Sexta-feira, 17 de outubro de 2025

Por que empresários recusam a dolarização na Argentina proposta pelo candidato de oposição à presidência do país

Em uma economia em crise e engessada pela intervenção estatal, o setor produtivo argentino não quer a continuidade do kirchnerismo e saúda alguns planos de liberalização econômica do radical de direita Javier Milei (La Libertad Avanza), mas são unânimes em rejeitar o projeto de dolarização.

Entre os empresários, Milei, vencedor das primárias de agosto e líder nas pesquisas de intenção de votos com cerca de 33%, é visto como uma incógnita não só por ser um outsider da política, mas pela polêmica proposta de renunciar ao peso argentino.

“A dolarização é um desastre, já vivemos isso e sabemos que não funciona”, diz o presidente da Bodegas Kaufman, Rubén Martin Kaufman. Embora a situação econômica seja “nefasta, com a moeda desvalorizada e sem crédito para o setor produtivo”, Kaufman considera que Milei não inspira confiança e, se eleito, as expectativas “serão ruins porque não parece ter moderação para o diálogo”.

O empresário avalia que Patricia Bullrich, ex-ministra de Segurança (2015-2019) e candidata do partido de centro-direita Juntos por el Cambio, tem um discurso mais coerente e possui pulso forte para tomar medidas sem ser explosiva como Milei – cujas propostas, como legalizar o porte de armas, permitir o comércio de órgãos humanos e fechar o Banco Central, “também são um terror”.

Bullrich, que já esteve entre as favoritas na eleição, está em empate técnico com o candidato peronista e ministro da Economia, Sergio Massa (Unión por la Pátria), com 28% e 32%, respectivamente.

A Associação Empresarial Argentina (AEA), uma das organizações que reúnem as empresas mais importantes do país, emitiu uma nota que critica a ingerência do Estado na economia e nos poderes Judiciário e Legislativo, cujo combate é uma bandeira de Milei. Mas também defende a educação inclusiva e destaca que “sem empresas não há país”, o que poderia ser um recado para Milei que promete acabar com a educação pública.

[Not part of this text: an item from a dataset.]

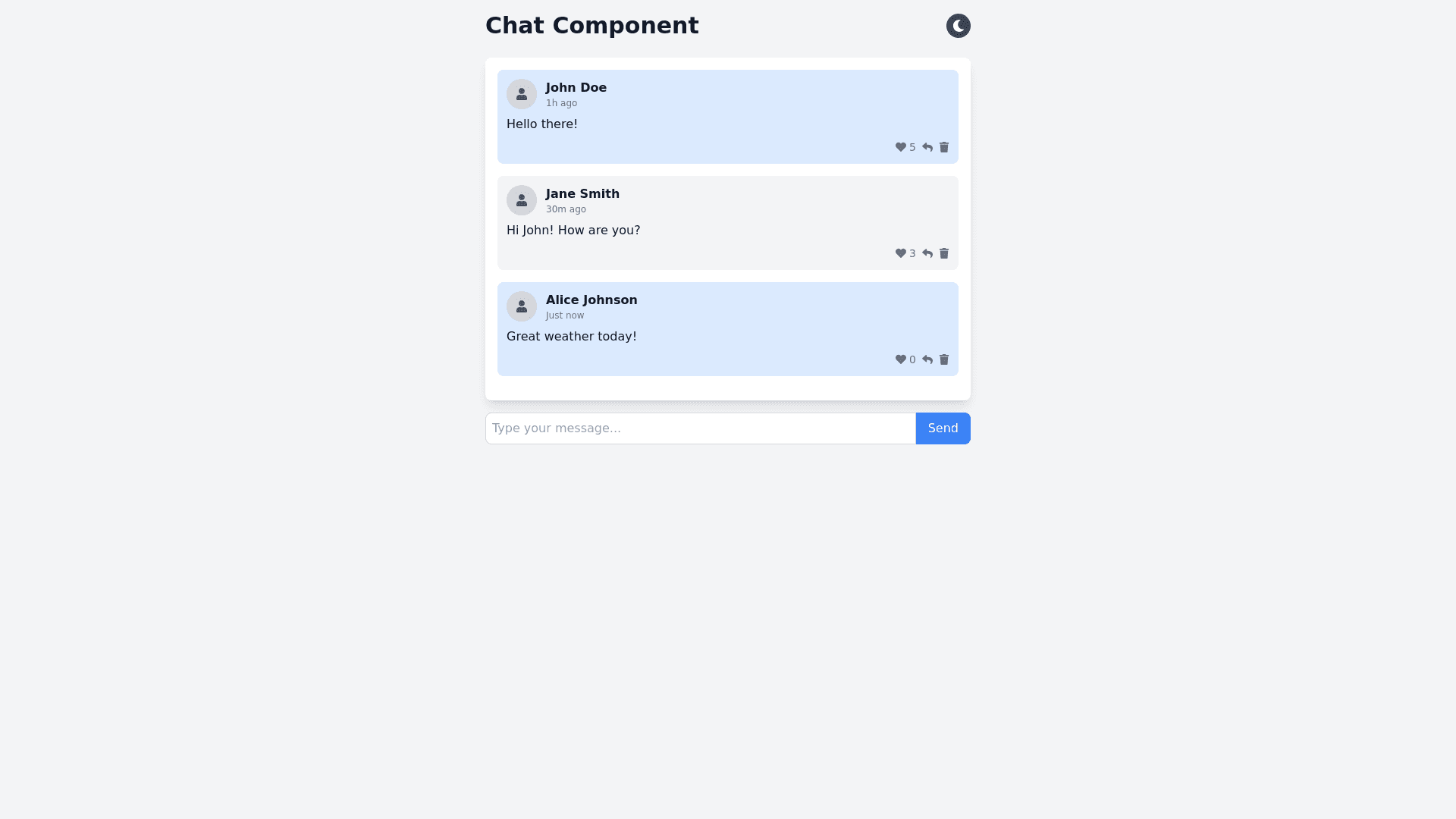 Component Preview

Em contraste com a posição de Milei, que já avisou que não fará negócios com o Brasil, assim como com a China e a Rússia, Jaime Campos, presidente da AEA, destaca ao Valor sua “grande simpatia para com o Brasil”.

“Puxar briga com o Brasil é um tiro no pé porque sem o mercado brasileiro a economia argentina não existe e vice-versa”, diz uma fonte do setor de Energia que pede manter seu anonimato.

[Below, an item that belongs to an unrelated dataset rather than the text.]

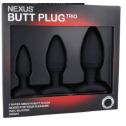 Набор анальных пробок Nexus Butt Plug Trio, макс. диаметр 3см - 4см - 5см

Muitas das propostas de Milei coincidem com o desejo do empresariado: corte profundo de gastos públicos, redução do déficit fiscal, equilíbrio macroeconômico. “Mas ninguém sabe como ele vai fazer isso. Não o conhecemos, nem sabemos como vai atuar uma vez que for eleito”, afirma a fonte.

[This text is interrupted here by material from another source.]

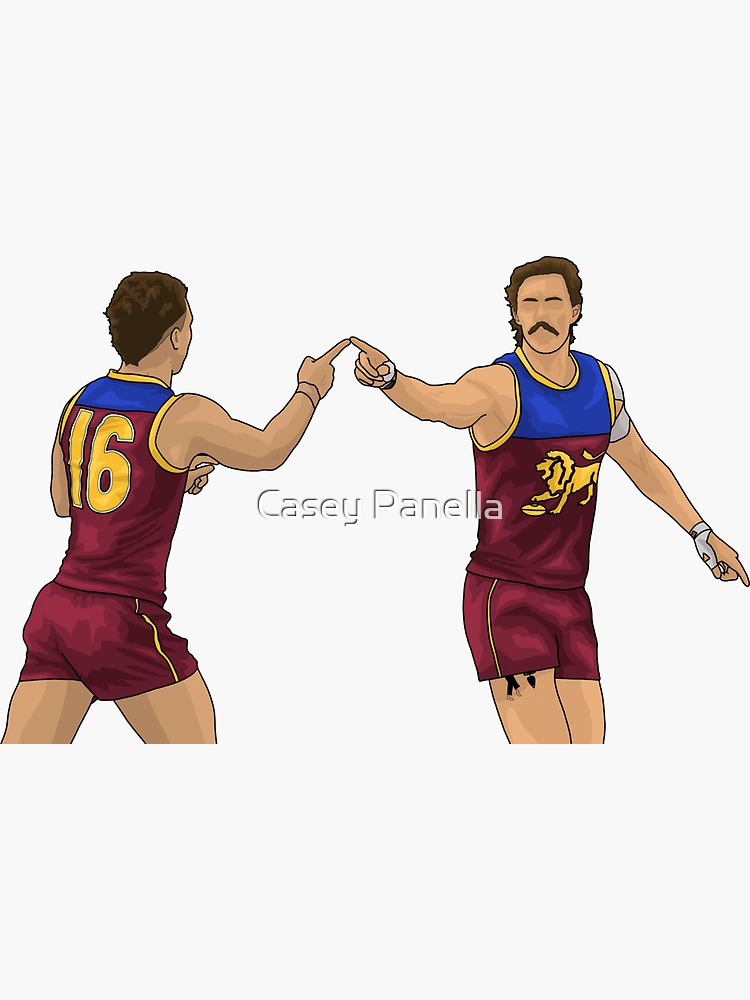 Thumbnail 3 of 3, Sticker, Cameron Rayner & Joe Daniher designed and sold by Casey Panella.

O diretor-geral da empresa de serviços de saúde Medifé Argentina, Jorge Piva, diz se preocupar com a pouca clareza dos programas dos candidatos. “Só temos incertezas”, afirma. “Não há segurança de que as medidas que vieram à tona terão algum respaldo no Congresso. A dolarização, por exemplo, é inconstitucional”, diz.

O executivo observa que o quadro atual com uma terceira força política no páreo é novo no país. Ele destaca que a combinação de escassez de divisas, inflação descontrolada e déficit fiscal crescente exigirá que novo governo tenha respaldo político para adotar leis fundamentais para estabilizar a economia.

“Aparentemente não há margem para adotar medidas gradativamente”, diz Piva. “Será necessária uma medida de choque e se isso não for bem pensado, o risco da situação pode aumentar”, opina.

O presidente da Sociedade Rural da Argentina, Nicolas Pino, apesar de se declarar otimista com o futuro, também expressa preocupação com o principal problema hoje do setor: as tarifas sobre as exportações, as “retenciones”, e os vários tipos de cambio. “Isso nos faz perder competitividade em todas as áreas”, afirma.

“Ouvi Milei dizer que se ganhar as eleições acabaria com as retenções de maneira imediata”, declara. Pino afirma que a dolarização “não ajudaria o campo porque continuaria trabalhando com outra moeda e não resolve o problema”. O líder ruralista diz que a solução passa pelo fim do imposto sobre a exportação, unificação dos tipos de câmbio e implementação de políticas de Estado de médio e longo prazo.

O gerente para Argentina, Paraguai e Uruguai da multinacional Logicallis, Alejando Sajon, insiste que a economia precisa ter um governo previsível. “Precisamos de marcos estáveis, legal e fiscal, para orientar decisões de médio e longo prazos”, afirma. Sajon critica “a mudança de regras o tempo todo, como ocorre neste governo”.